─── Provided data ───
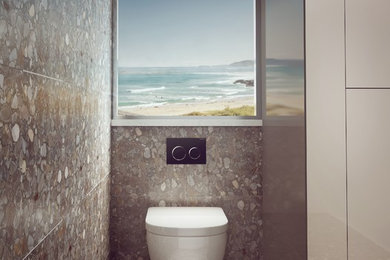 Photo of a contemporary bathroom in Sydney with a wall-mount toilet.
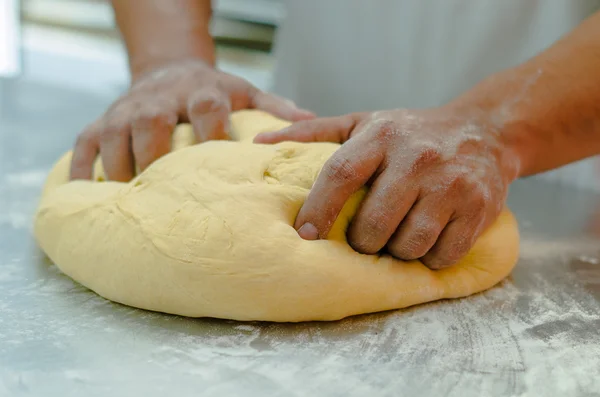 Пекари руками работают и месят большое хлебное тесто на металлической поверхности с разбросанной мукой — стоковое фото
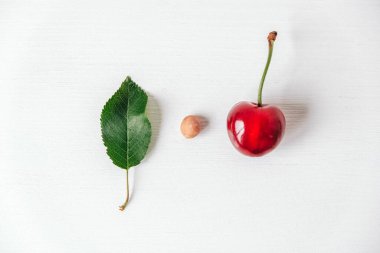 Beyaz ahşap arka planda yeşil yapraklı taze kiraz. Üst Manzara. Kopyala, metin için boşluk.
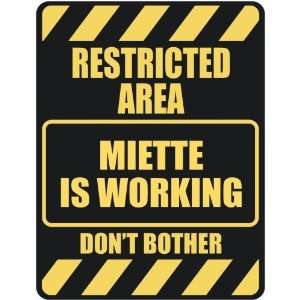   RESTRICTED AREA MIETTE IS WORKING  PARKING SIGN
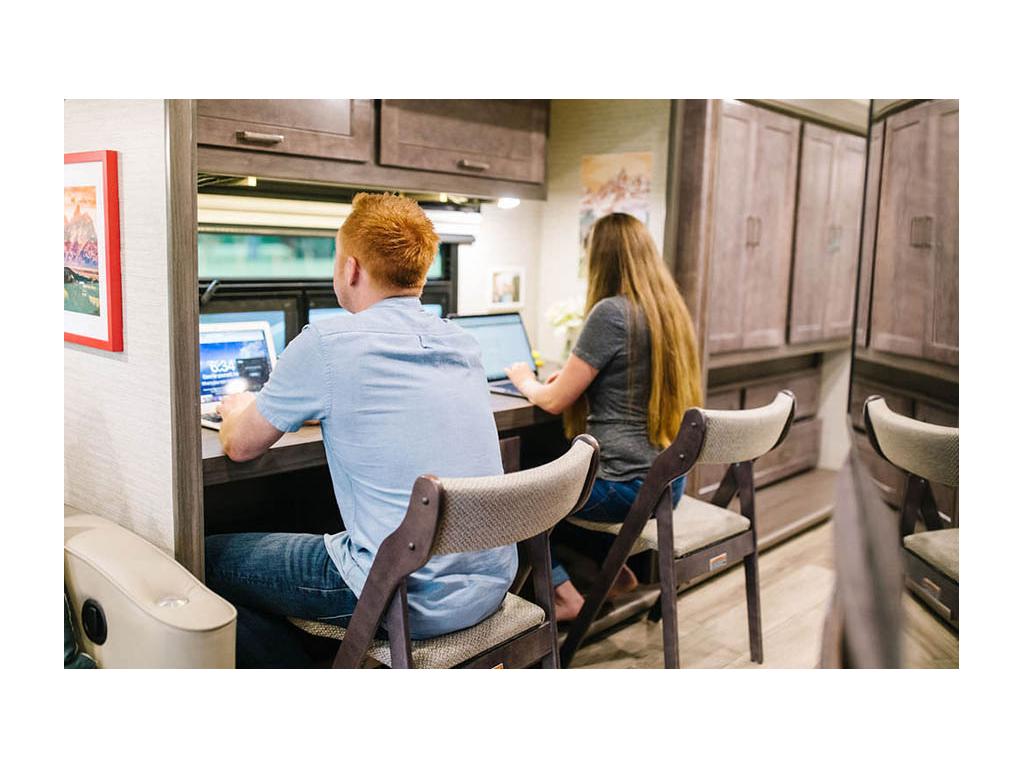 Heath and Alyssa working on laptops at hobby desk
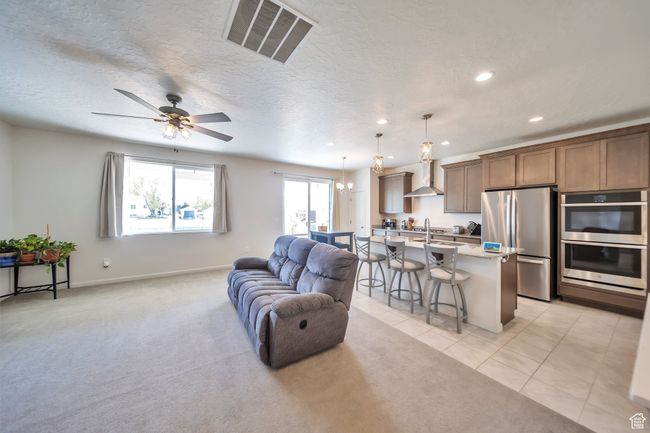 Living area with light tile patterned flooring, visible vents, recessed lighting, light colored carpet, and ceiling fan | Image 8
───
## Exercise
With the pictures left out, output exactly the lines that begin at the line containing "Пекари руками работают" and end at the last line of the material.

## Solution to this problem
 Пекари руками работают и месят большое хлебное тесто на металлической поверхности с разбросанной мукой — стоковое фото
 Beyaz ahşap arka planda yeşil yapraklı taze kiraz. Üst Manzara. Kopyala, metin için boşluk.
   RESTRICTED AREA MIETTE IS WORKING  PARKING SIGN
 Heath and Alyssa working on laptops at hobby desk
 Living area with light tile patterned flooring, visible vents, recessed lighting, light colored carpet, and ceiling fan | Image 8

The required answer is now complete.